··· Information
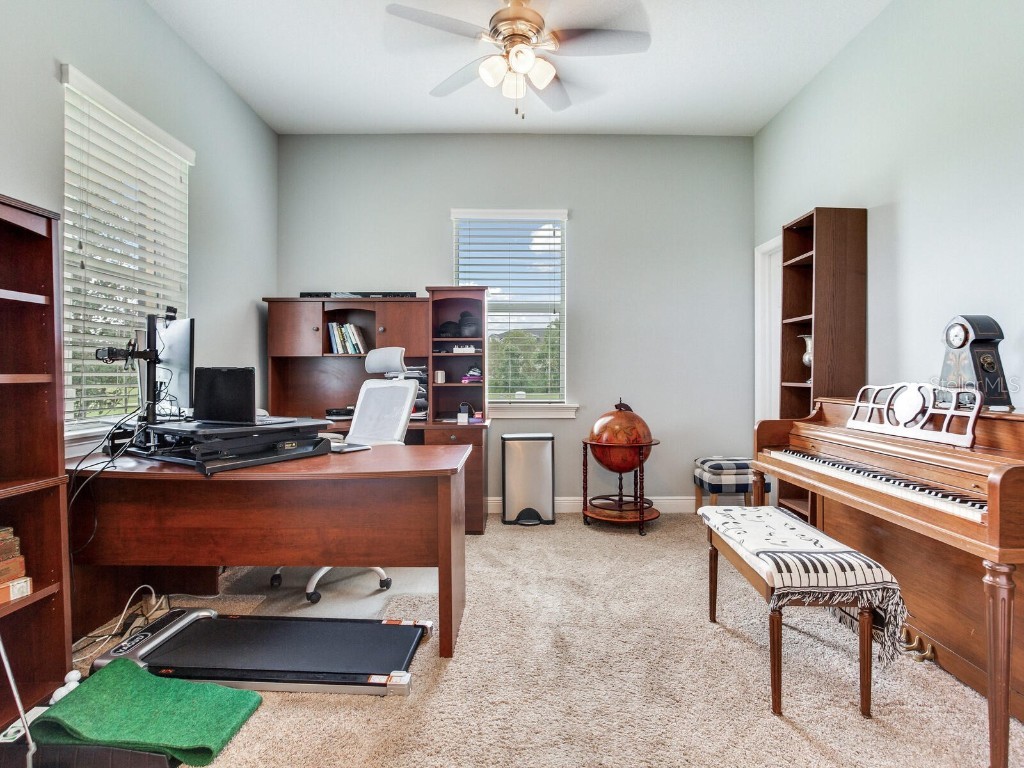 8703 Alafia Hills Drive Plant City FL 33567 TB8427669 image7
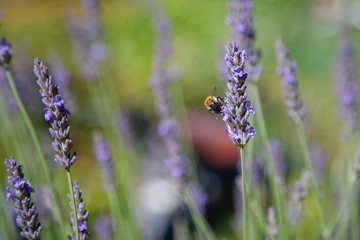Hummel am Lavendel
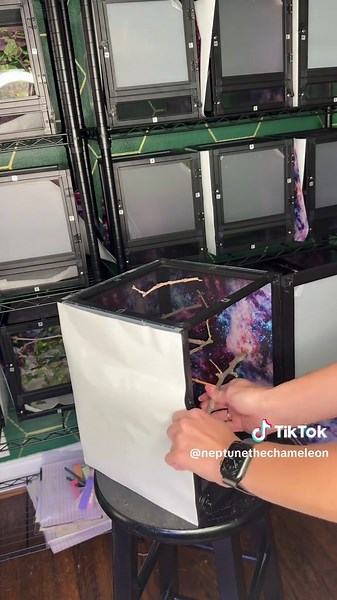 Setting Up a Hatchling Chameleon Enclosure Guide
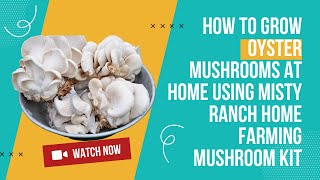 Hindi  How to Grow Oyster Mushroom at Home using misty ranch home farming mushroom kit Hindi [upl. by Felten]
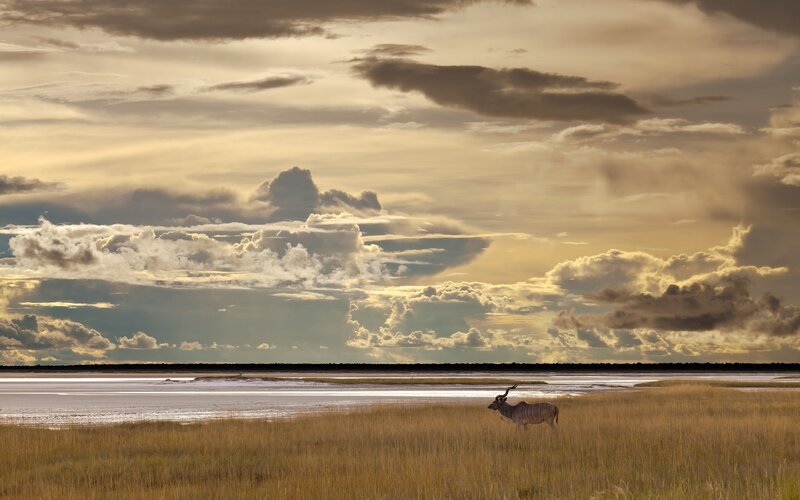 Klipskoppie antelope in wetland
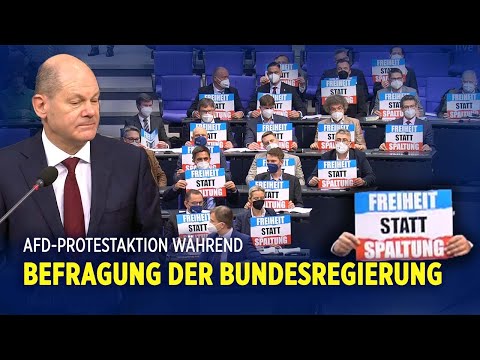 Bundestag: Befragung von Bundeskanzler Olaf Scholz – AfD startet Protest-Aktion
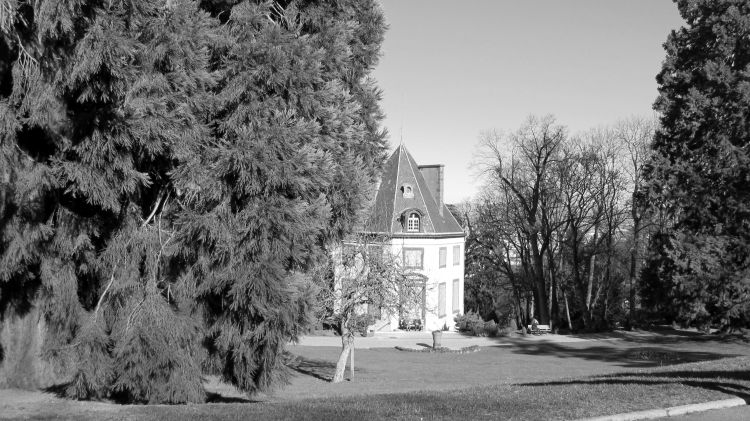 Fonds d'cran Nature Parcs - Jardins Parc Bargoin (Chamalires) en noir et blanc.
······
About this task - Could you set down the data exactly as given, minus its pictures?

Task solution -
 8703 Alafia Hills Drive Plant City FL 33567 TB8427669 image7
Hummel am Lavendel
 Setting Up a Hatchling Chameleon Enclosure Guide
 Hindi  How to Grow Oyster Mushroom at Home using misty ranch home farming mushroom kit Hindi [upl. by Felten]
 Klipskoppie antelope in wetland
 Bundestag: Befragung von Bundeskanzler Olaf Scholz – AfD startet Protest-Aktion
 Fonds d'cran Nature Parcs - Jardins Parc Bargoin (Chamalires) en noir et blanc.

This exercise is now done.